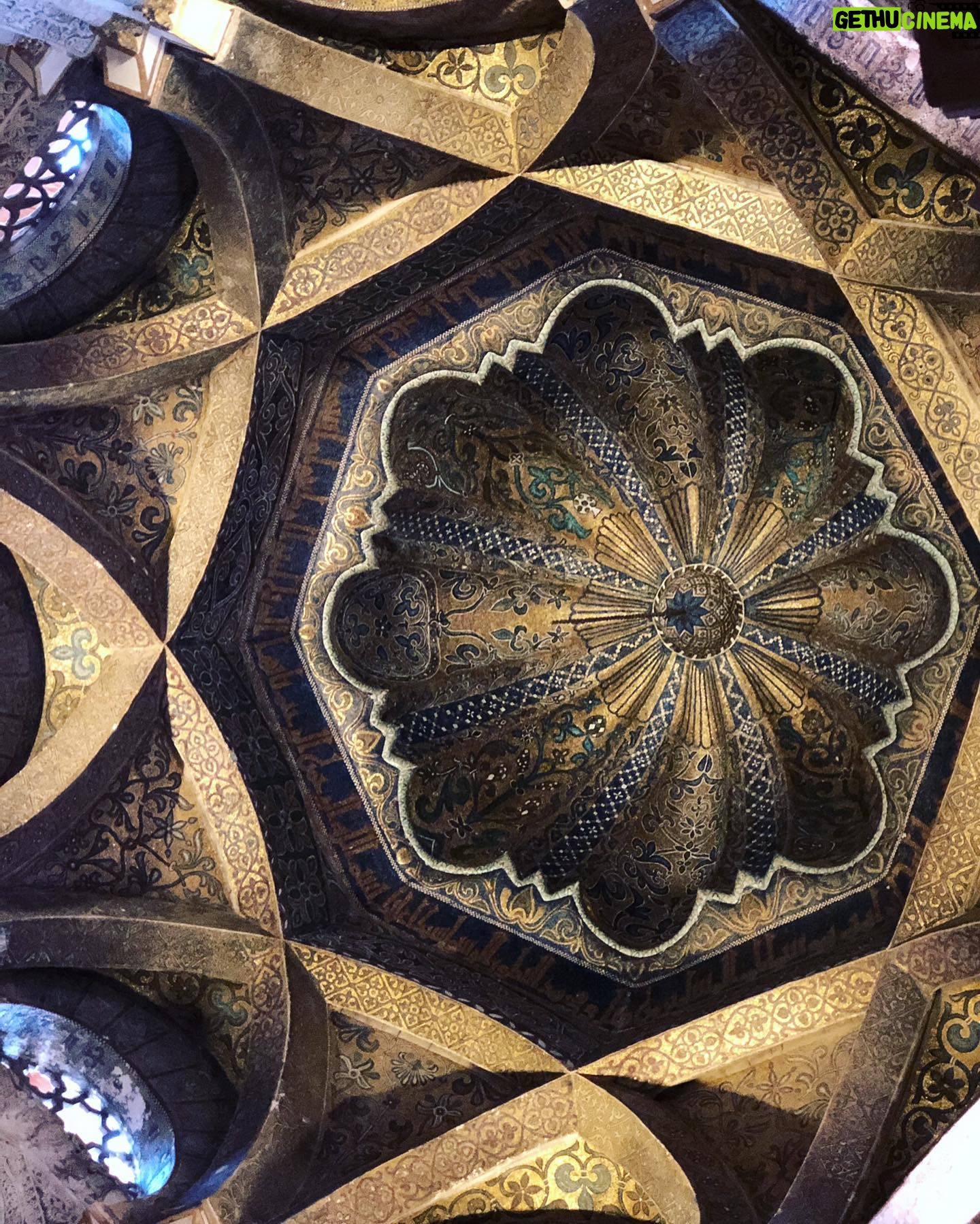 Kristina Tonteri-Young Instagram - 🕌⛪️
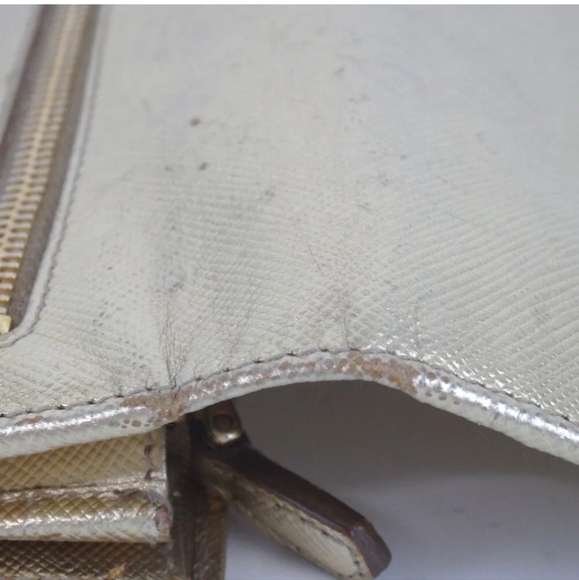 Authentic PRADA Wallet Leather - Picture 12 of 16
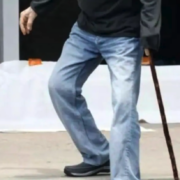 Capture decran le 2025 12 18 a 00.37.06 e1766036473981 Un adieu d&eacute;chirant &agrave; Hollywood : le dernier hommage &agrave; cette star connue du public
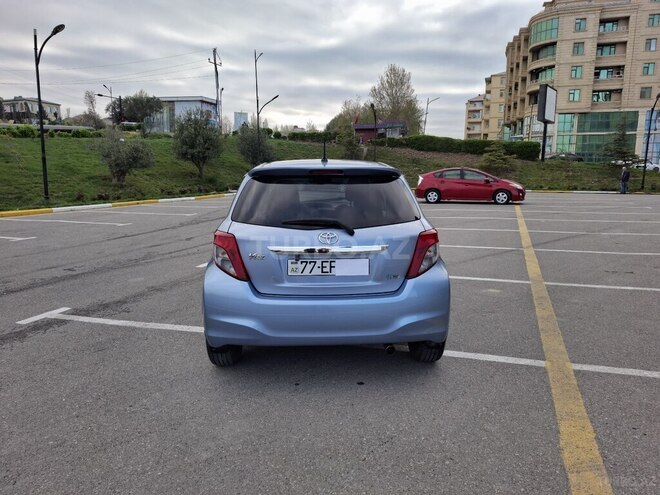 Toyota Vitz 2011, 172,023 km - 1.3 l - Bakı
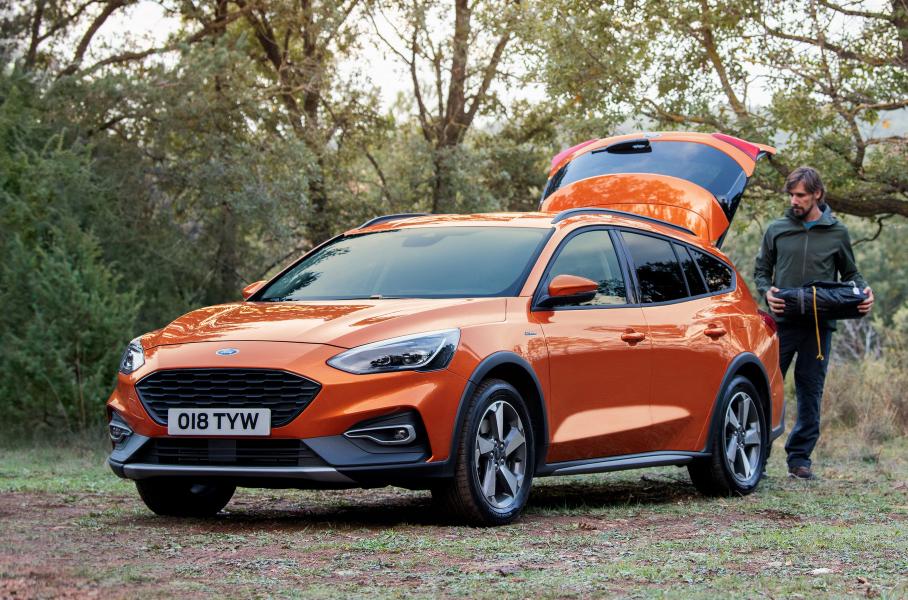 Багажник универсала должен вмещатьть большую клетку для собак, говорят в Ford. Его максимальный объем — 1653 литра. 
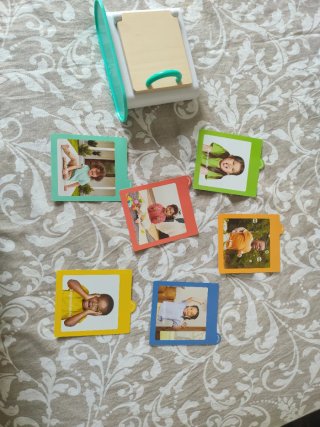 Juego de espejo de emociones para niños Lovevery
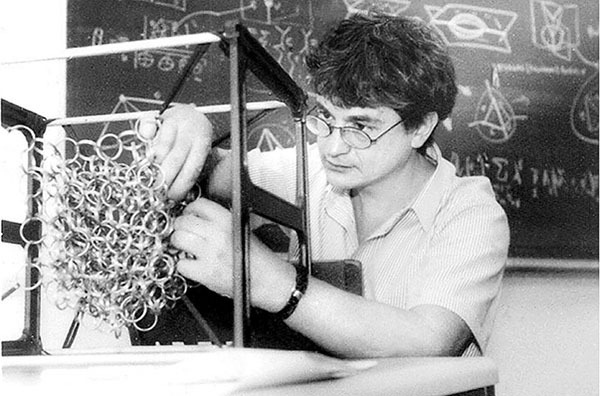 Иллюстрация к книге — Краткая теория времени [img_5.jpg]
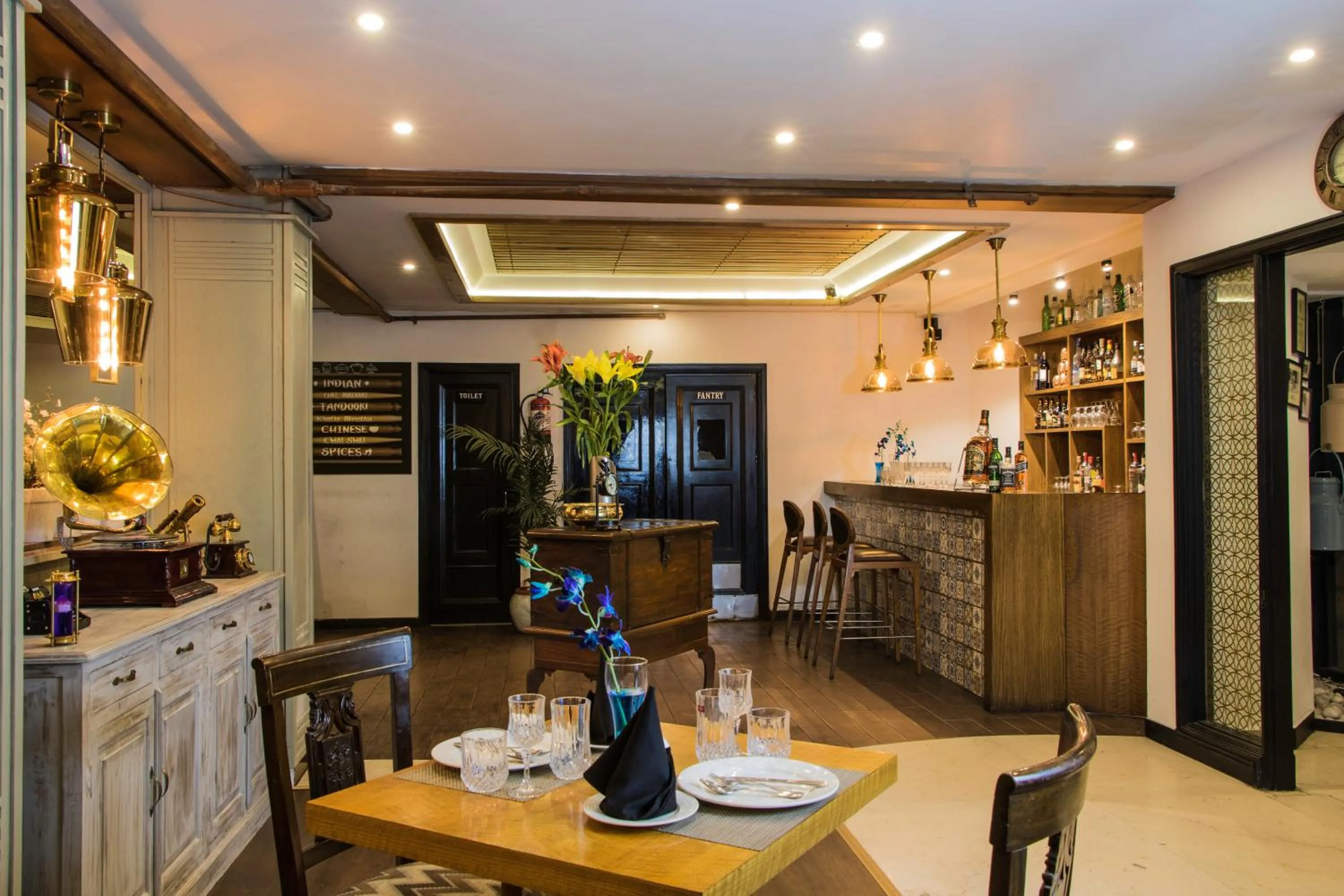 Restaurant/places to eat in Hotel Park Residency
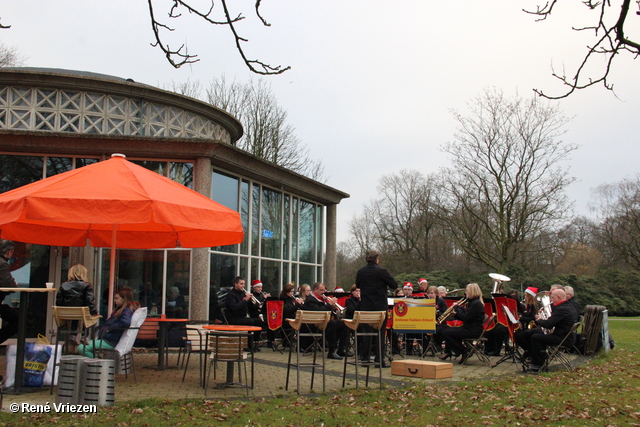 R.Th.B.Vriezen 2013 12 15 9135 Wijkplatform Presikhaaf Kerstmarkt Park Presikhaaf en Winkelcentrum zondag 15 december 2013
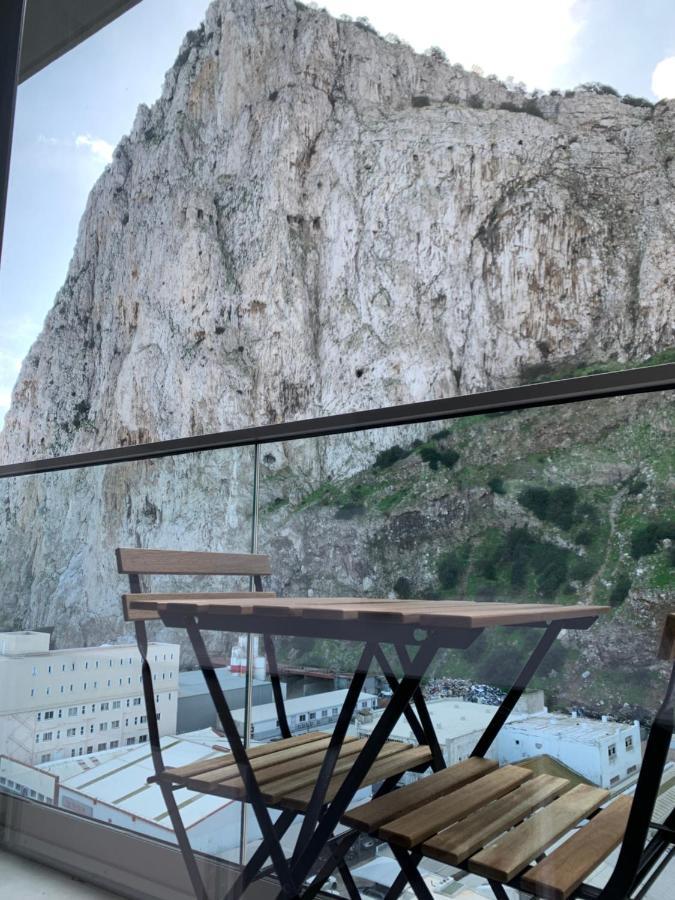Cp High Floor Luxury Studio Gibraltar Eksteriør billede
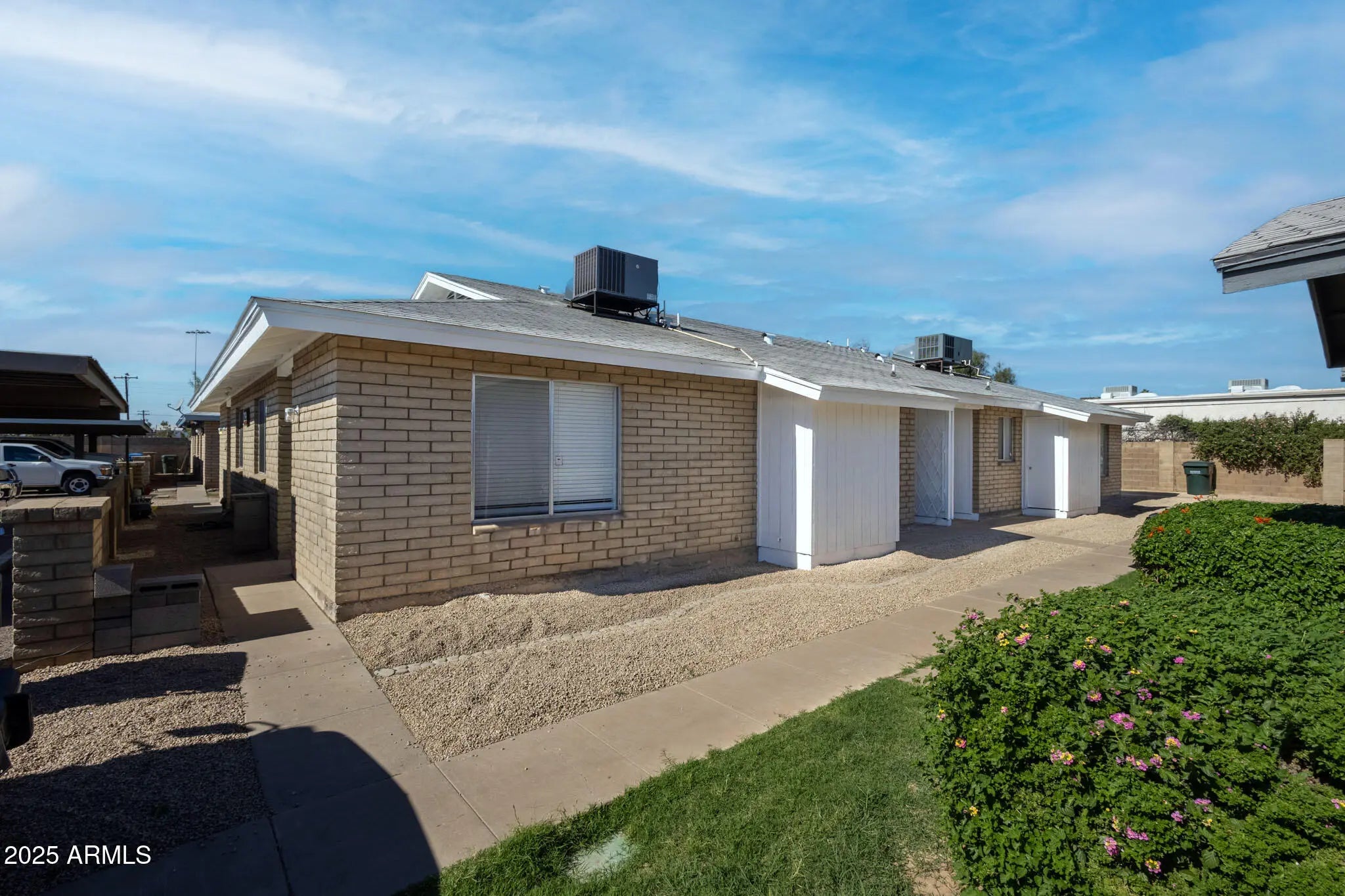 Photo of Listing #6945364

········

Repeat all the records above exactly, leaving out any pictures.

 Kristina Tonteri-Young Instagram - 🕌⛪️
 Authentic PRADA Wallet Leather - Picture 12 of 16
 Capture decran le 2025 12 18 a 00.37.06 e1766036473981 Un adieu d&eacute;chirant &agrave; Hollywood : le dernier hommage &agrave; cette star connue du public
 Toyota Vitz 2011, 172,023 km - 1.3 l - Bakı
 Багажник универсала должен вмещатьть большую клетку для собак, говорят в Ford. Его максимальный объем — 1653 литра. 
 Juego de espejo de emociones para niños Lovevery
 Иллюстрация к книге — Краткая теория времени [img_5.jpg]
 Restaurant/places to eat in Hotel Park Residency
 R.Th.B.Vriezen 2013 12 15 9135 Wijkplatform Presikhaaf Kerstmarkt Park Presikhaaf en Winkelcentrum zondag 15 december 2013
Cp High Floor Luxury Studio Gibraltar Eksteriør billede
 Photo of Listing #6945364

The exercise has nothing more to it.